Equipo artístico: Gabrieli Consort and Players
Dirección musical: Paul McCreesh
Reparto:
Theodora: Renata Pokupic Irene: Anna Stéphany Didymus: Iestyn Davies Septimus: John Mark Ainsley Valens: Simon Kirkbride Mensajero: Richard Rowntree
Asistir a la interpretación completa de un oratorio de Händel en versión de concierto es siempre -pero especialmente cuando el oyente es obeso- una buena ocasión para comprobar cómo anda uno de amor al arte. En este caso, fue el dolor de rabadilla producido por tres horas de apoyo del cóccix sobre una butaca de principal del Teatro Real lo que puso a prueba el gusto de este aficionado por la música barroca, por el músico de Halle, por los Gabrieli Consort and Players, por los santos mártires de Antioquía y por el lucero del alba.
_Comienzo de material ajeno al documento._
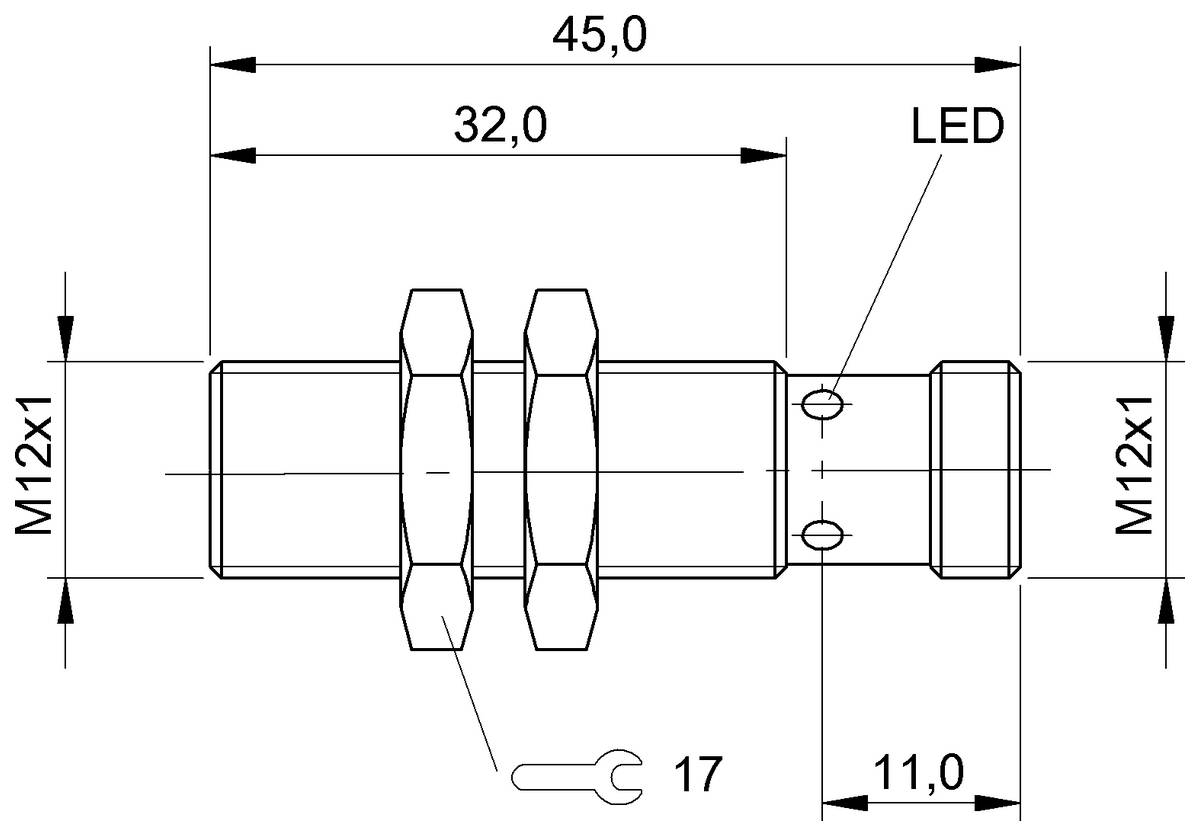 BALLUFF Induktiv sensor Induktiv BES02ZU BES02ZU M12 Flugter med NAMUR (Ø x H) 12 mm x 45 m-1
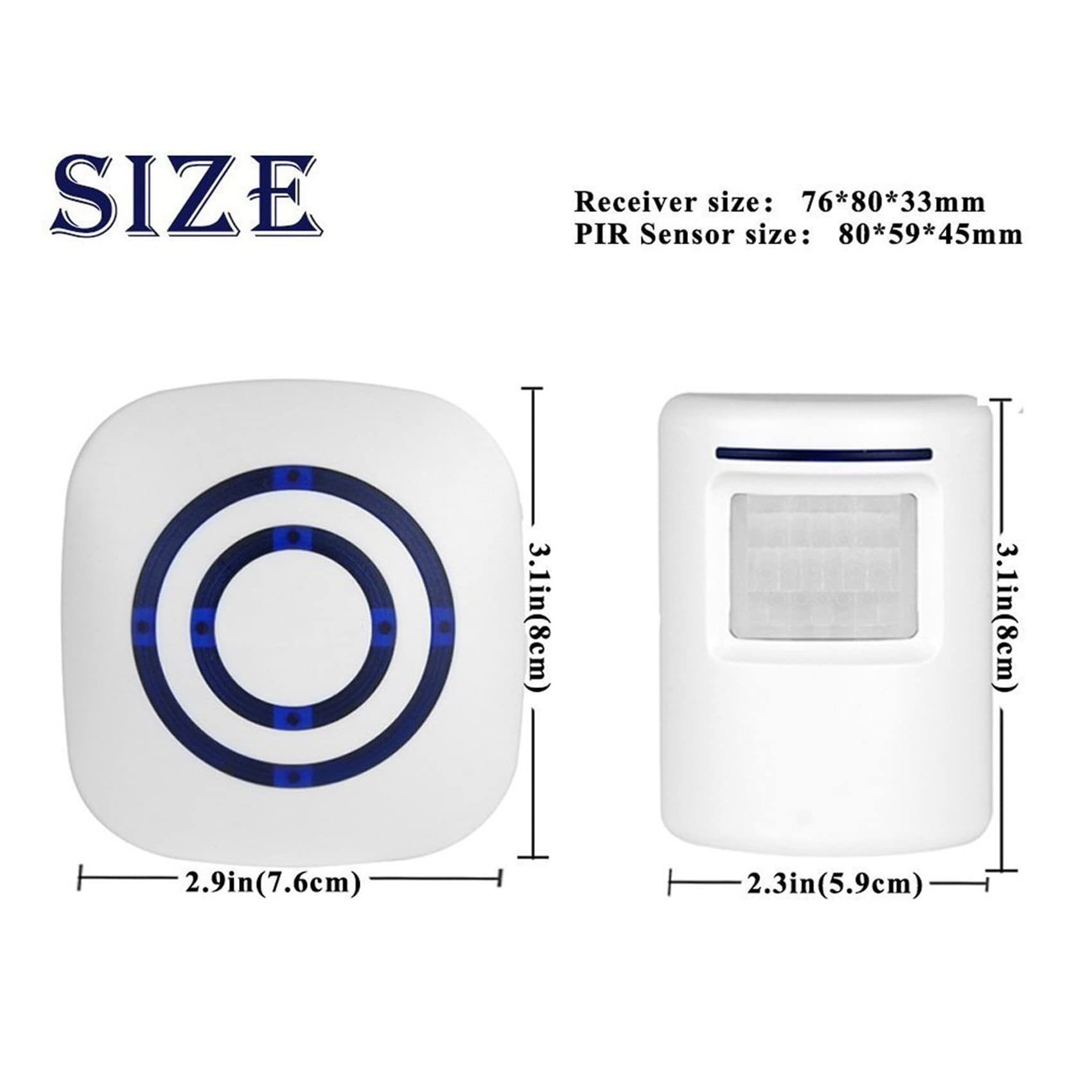 4X Enchufe de La UE Detector Sensor de Movimiento de Puerta de Negocios Alarma de Entrada de Seguridad de Casa con 1 Receptor Enchufable Y 1 Detector PIR Resistente A La Intemperie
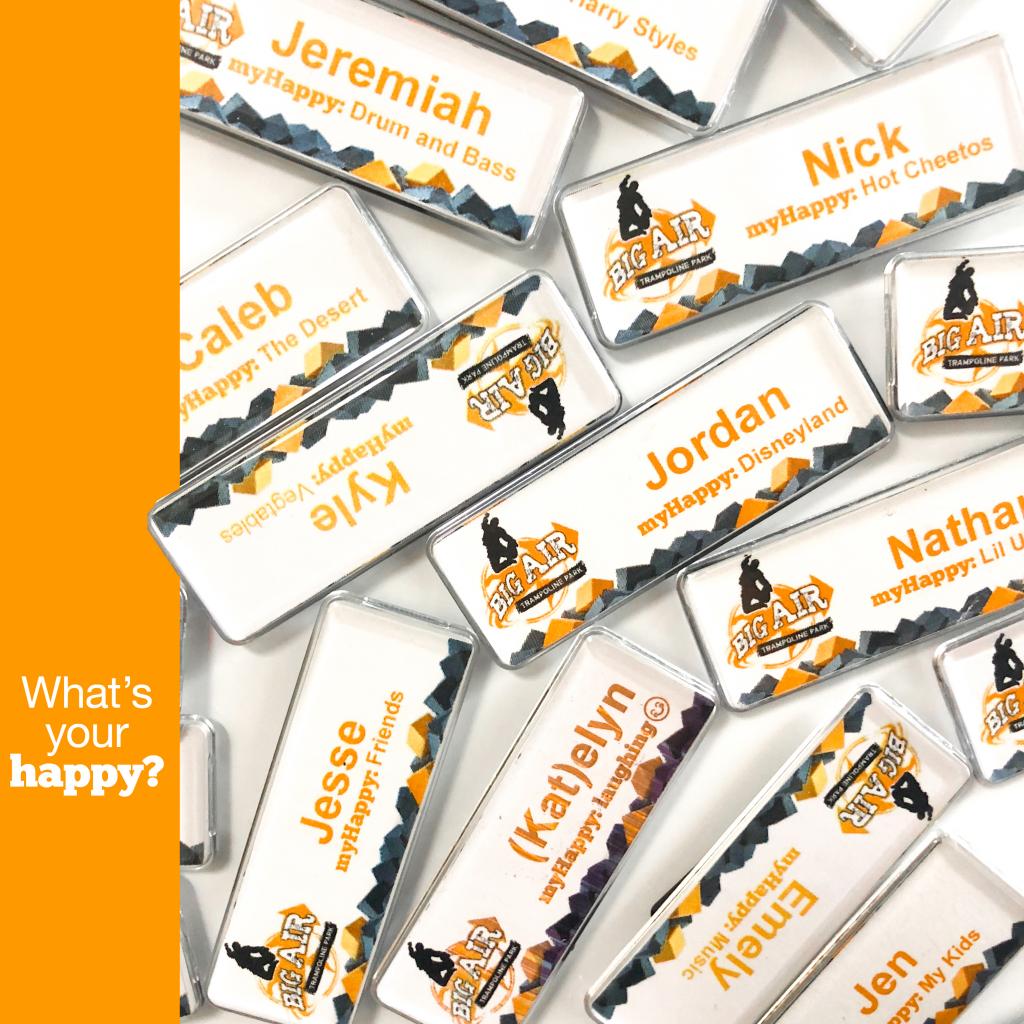 bigairbuenapark's tweet photo. Our #AirTeam members proudly showcase what makes them happy on their name tags. What's your happy? π #jumphappy https://t.co/W7diqiuR1E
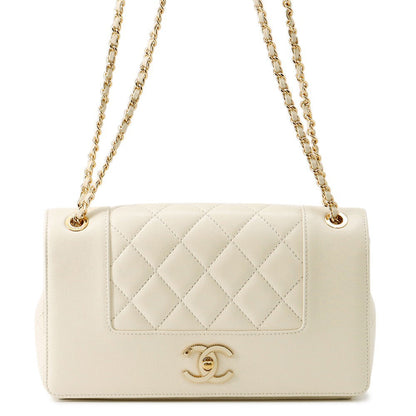 CHANEL Mademoiselle Double Flap Chain Shoulder Bag IvoryA93084 Leather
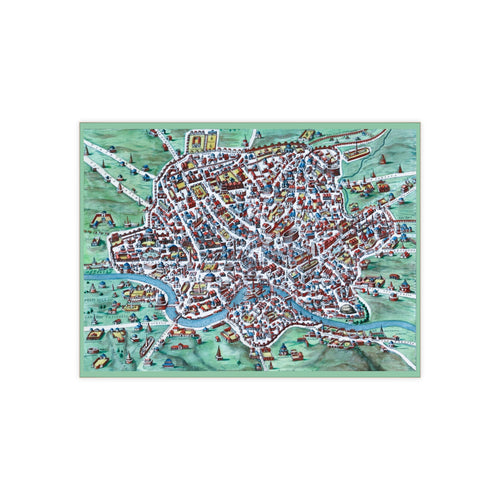 Ancient Rome Illustrated City Map Ceramic Photo Tile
Triunfaron estos últimos. Todos ellos. De lo cual me alegro mucho porque hubo un par de momentos en los que, a la vista de lo que me hacían sufrir las ancas, me planteé seriamente la posibilidad de llorar de dolor. Afortunadamente acabé por hacerlo de emoción. Dos veces sólo en el primer acto: la primera -previsible- cuando Anna Stéphany acometió Bane of Virtue, un aria que siempre me hace desear ser mejor persona. La cosa había llegado hasta ahí no sin cierta desazón inicial: obertura fría y Kirkbride poco convincente en su primera aria, dignamente resuelta -como casi todas las demás- pero tan desprovista de sentimiento que no se sabía si el gobernador romano estaba amenazando a los cristianos con diversos tormentos o si enumeraba las partes del aparato excretor; en el resto igual de soso y además no pocas veces pequeño de voz. Cierto que ya al principio se pudo escuchar una memorable interpretación de Descend Kind Pity por parte de la mejor voz de la noche, la del tenor John Mark Ainsley.
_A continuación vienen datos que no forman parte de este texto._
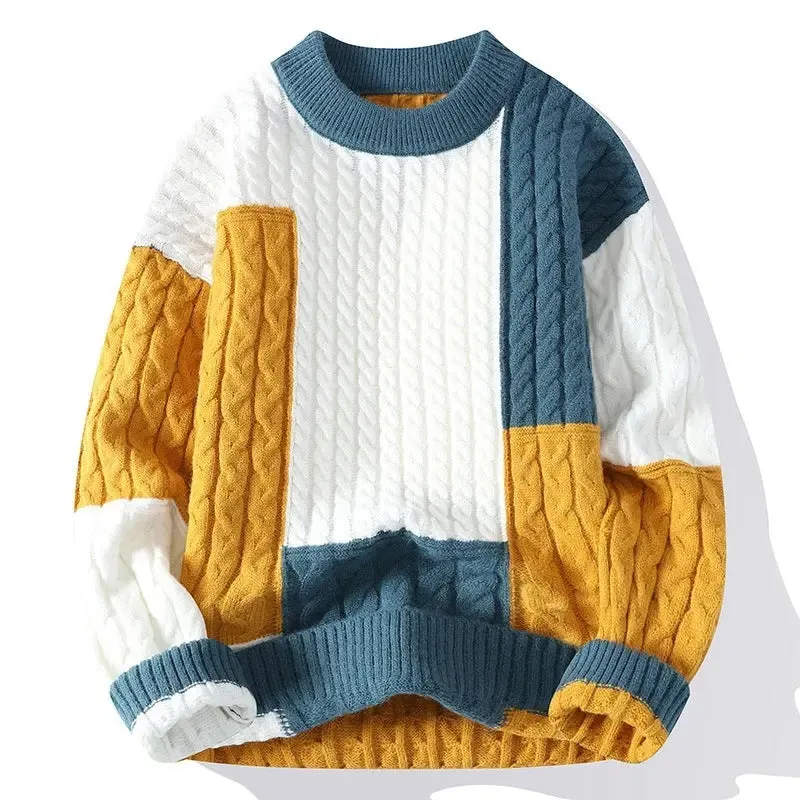 Men's Crew Neck Pullover Sweater Color Contrast Patchwork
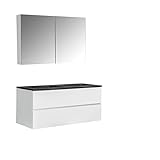 Badmöbel-Set EDGE 1200 - Mit Spiegelschrank EDGE, Ohne Seitenschrank, Farbe Badmöbel:Weiß glänzend, Schwarz matt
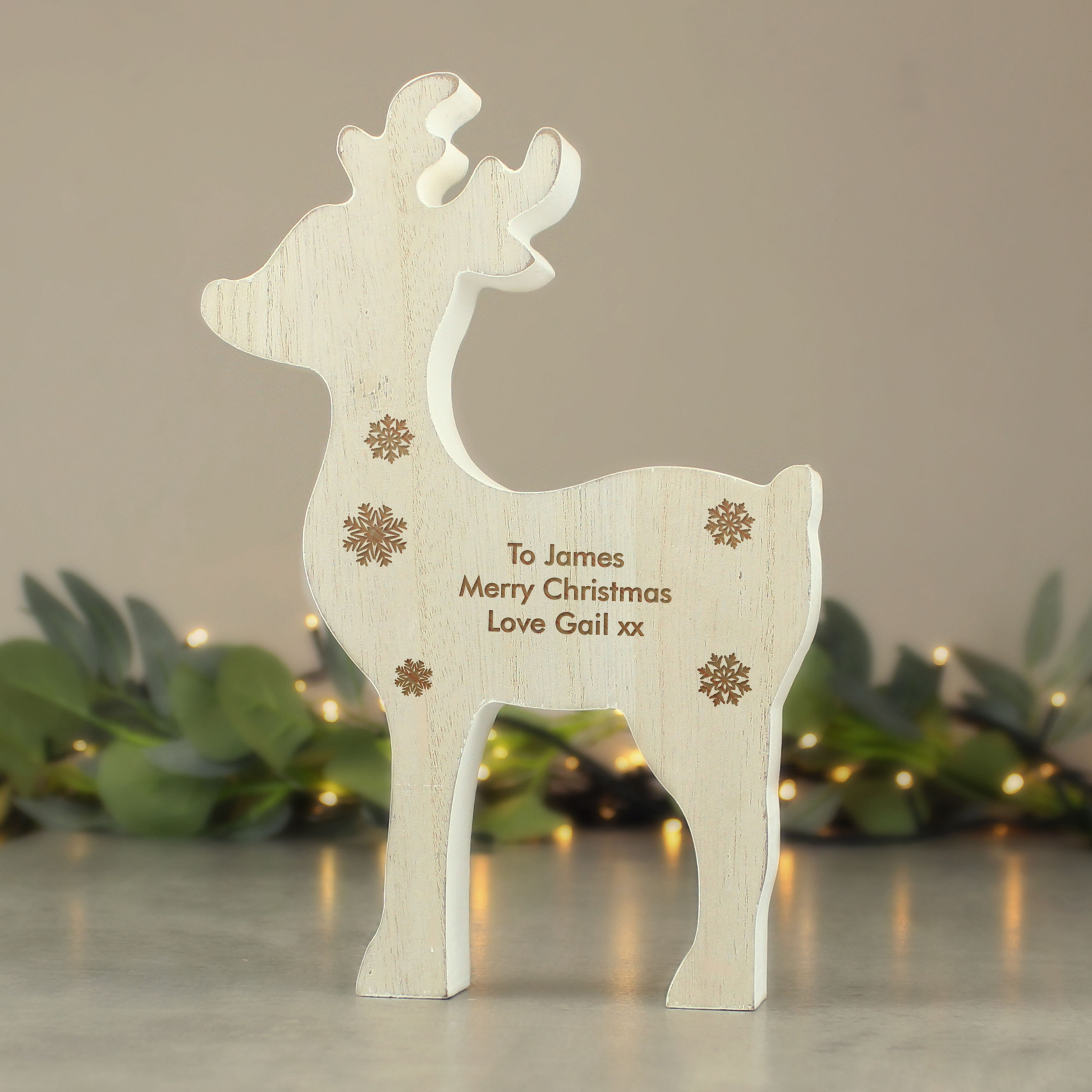Personalised Rustic Wooden Reindeer Decoration.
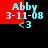 Pixelated text displays 'Abby', date '3-11-08', and '<3' on red and black backgrounds with shifting red blocks.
El segundo momento de intensa alegría trasladada al exterior por unas pocas mansas lágrimas del oyente -todo también bastante predecible, ¿a qué negarlo?- llegó cuando la cristiana Irene comenzó a comparar la gracia de Dios con las rosáceas luces del alba y a invocar a Nuestro Salvador para que fortaleciese el corazón de los cristianos ante la proximidad de la muerte del cuerpo. ¡Ah! entonces el mío comenzó a aligerarse casi hasta levitar sobre la butaca y a sentir verdadera felicidad por pertenecer a la misma especie animal que la de quienes habían escrito e interpretaban esa música. Después un aria "sorpresa" de Septimio -Dread the Fruits of Christian Folly- que sencillamente no estaba en ninguna de las dos grabaciones utilizadas para preparar el concierto; y una hermosísima Kind Heav'n en la que la bella voz del contratenor Iestyn Davies brilló a la misma altura que su buen gusto interpretativo. Coro de cristianos, bellas disonancias en tono menor, y al pasillo.
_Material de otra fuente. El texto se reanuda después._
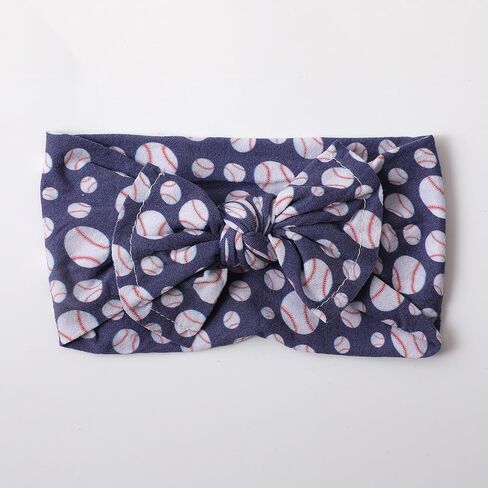 Baby Baseball Headband Turban Baby Girls Baseball Headwarp Bowknot Baby Baseball Hair Band Bow BTB14 (A-Blue, Free Size) in Saudi Arabia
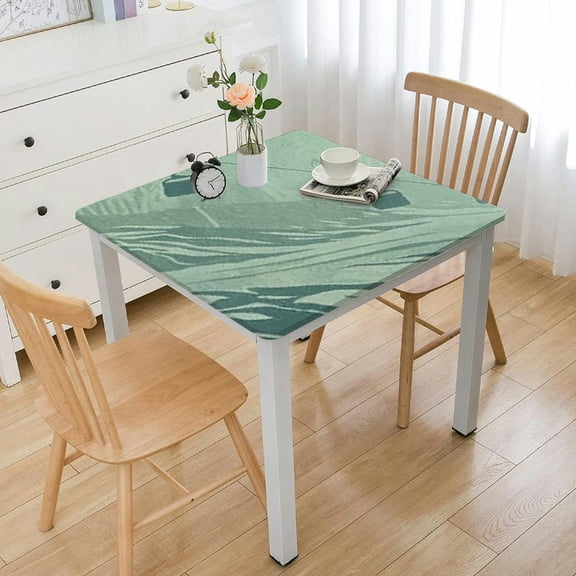 HAOXIT Square Tablecloth Table Cloth Green Leaves Pattern Scalloped Edge Silky Soft Fabric Waterproof Wrinkle Resistant Washable Table Cover for Dinning New Year Party Decoration 40*40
Copa de cava con canapé de jamón. El pan un poco seco. No hay derecho, por seis euracos. Veinte minutos para estirar las piernas e intentar meter las narices en el reservado de los patrocinadores. Sin éxito. Los pinchos que se atisbaban más allá de los biombos corporativos tenían mejor pinta que los del pueblo soberano.
A continuación actos segundo y tercero del tirón. Una auténtica machada. Kirkbride tenía aquí varias arias de lucimiento: Wide Spread His Name, por ejemplo. Mal. Pequeño. No hablemos de las bravas Cease Ye Slaves o Ye Ministers of Justice de más adelante. Nada angustia más que un barítono que parezca corto de fiato. Y a mi se me figuró que así andaba Kirkbride. Theodora-Pokupic, en cambio, finísima en las dos arias de la escena segunda. Conmovedora aquí la interpretación de los players dirigidos por McCreesh, que por otra parte borda el oratorio. Excelente música. Trompas y sacabuches de época. Emociones renovadas. Sentimientos de piedad por la santa condenada a la prostitución. Esas notas solas de la flauta hendiendo el aire, tan solas como la mártir en ese preciso momento de la narración. Exaltación interior, pasmo redivivo ante el genio compositivo del alemán.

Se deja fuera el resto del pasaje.